After selecting the hierarchy, you need to drag and drop the columns to the desired hierarchy level.
In the above example, two hierarchies are created namely Calendar and Fiscal. It is important to note that, you need to create the same hierarchies in other date tables as they are not automatically created.
Now let us view the hierarchy from Microsoft Excel as shown in the below screenshot.
You will see that the Month Name and Week Name is ordered by the alphabetic order not by how it should be ordered. Ideally, Month Name should be ordered by the Month Number while the Week Name should be ordered by the Week Number of the Week.
Selecting the Properties of Month, you should select the Sort By Column as the MonthNumberofYear as shown in the below screenshot.
Similarly, Week Name should be ordered the DayNumberofWeek column. Now you can see that the Month and Week Name are accordingly as shown in the below screenshot
Deploying the SSAS Tabular Model
After configuring, you can process and deploy the tabular model so it is ready to access by the end-users. You can process all tables of selected tables. When the processing is done, we have to proceed with the deployment of the tabular. This is the final screen that you will get after the deployment of the tabular.

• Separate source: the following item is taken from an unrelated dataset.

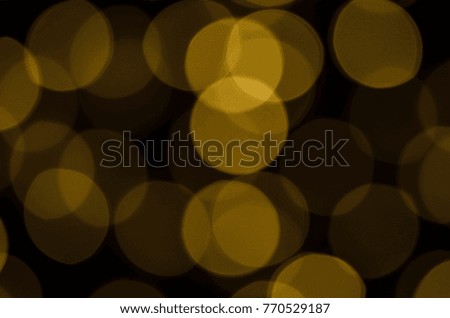 Soft colorful bokeh background. Luminous garlands of electric lights. Copy space to add text. Saturated colors. Blurry abstraction. Gentle tone. Dark night. Festive party in city. Defocus effect.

Then the SSAS Tabular Model should be available for the end-user access. You can access the Tabular from the SQL Server Management Studio (SSMS).
Other features of SSAS Tabular Models
There are few other important features in SSAS Tabular Model such as Key Performing Indicators, Partitions, Translation and Perspectives similar to MDM cubes. You can create roles and provide row-level security as required for the users to access the Tabular Models.

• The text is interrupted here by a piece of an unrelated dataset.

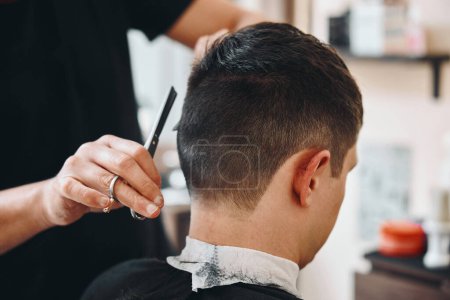 Photo for Master hairdresser does hairstyle with scissors and comb. - Royalty Free Image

Apart from the in-Memory option, there is a Direct Query option so that SSAS Tabular models can directly get the data from the data sources. However, there are a few limitations in the Direct Query option in Tabular Models.
SSAS Tabular model is a simple tool that can be used to analyze data. Apart from the simplicity of the usage, there are performance benefits with this option. It uses the DAX query which is similar to the Excel expressions. Further, it has features such as KPI, Partitions, Perspective.